◆ THE DATA ◆
════════

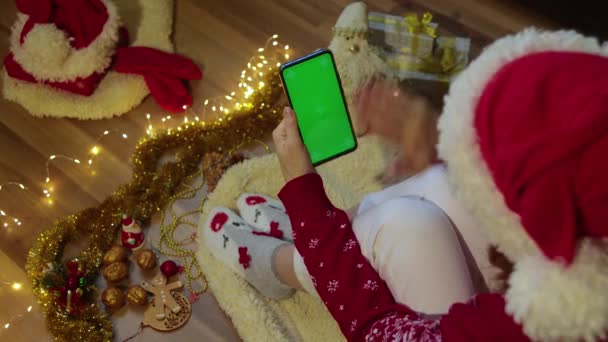 Pnone pantalla verde en las manos. Concepto de Navidad — Vídeos de Stock
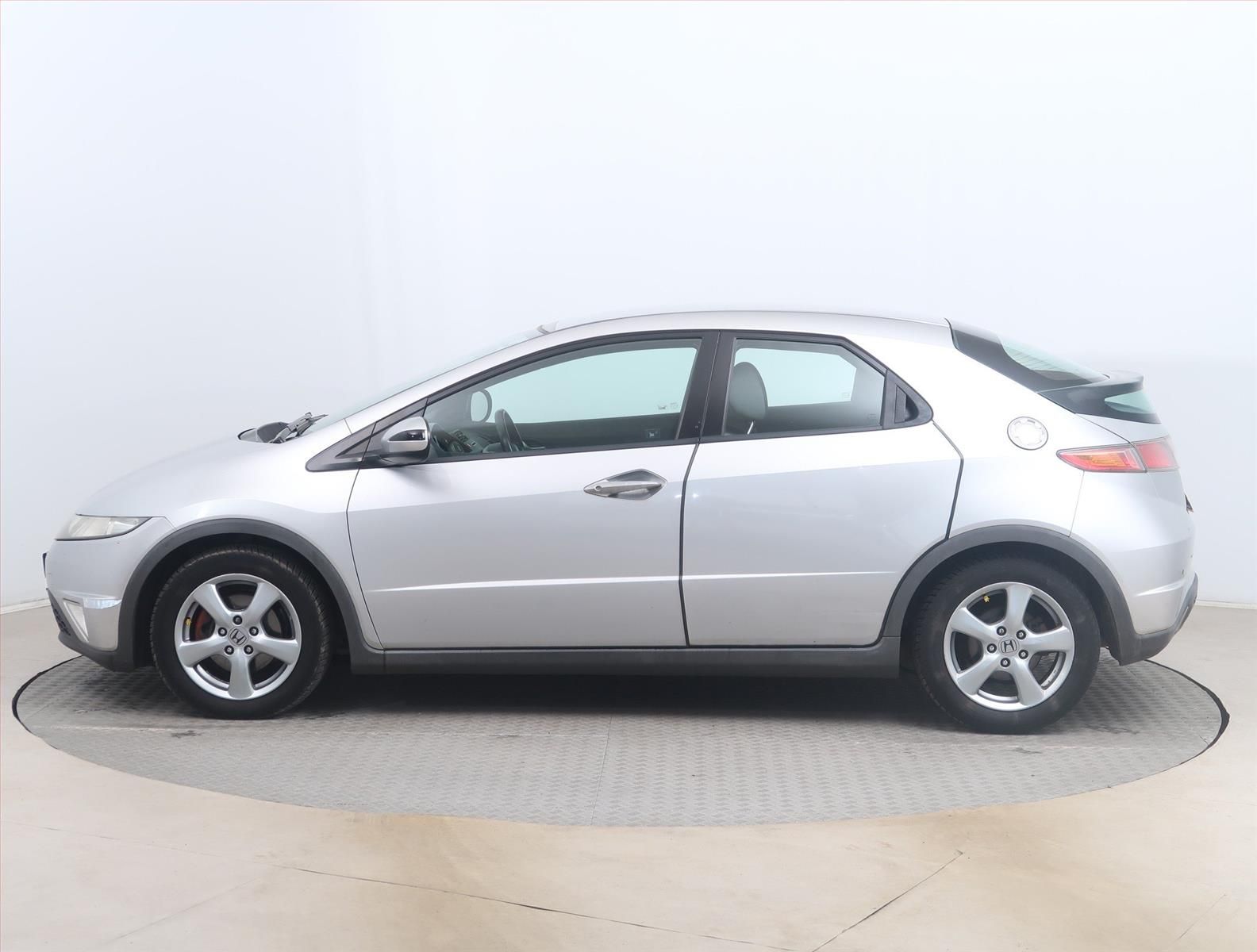 Honda Civic, 1.8 i, Automatická klima - fotka 3
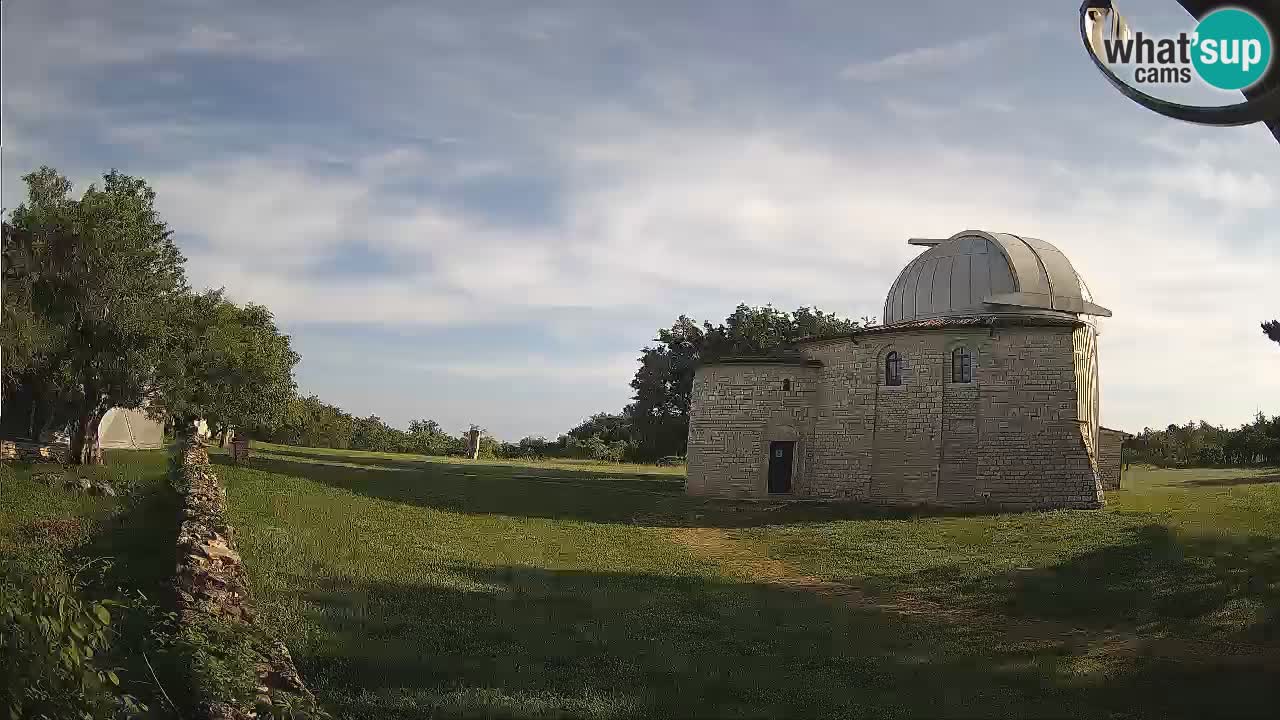Višnjan Observatory Webcam: Gaze into the Cosmos from Istria, Croatia
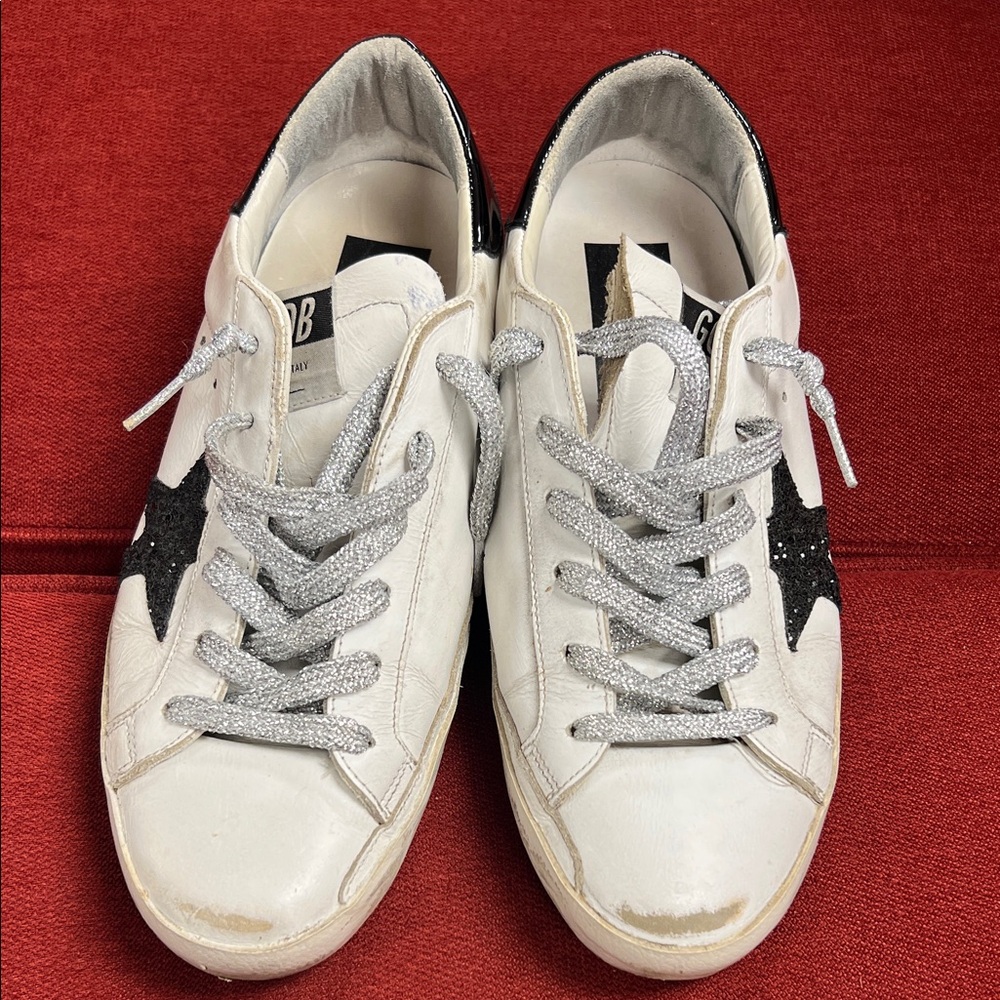 Golden Goose White Sneakers with Black Accents 100% authentic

════════

◆ TASK BRIEF ◆
Give back the data exactly, with no images.

◆ ANSWER SECTION ◆
 Pnone pantalla verde en las manos. Concepto de Navidad — Vídeos de Stock
 Honda Civic, 1.8 i, Automatická klima - fotka 3
Višnjan Observatory Webcam: Gaze into the Cosmos from Istria, Croatia
 Golden Goose White Sneakers with Black Accents 100% authentic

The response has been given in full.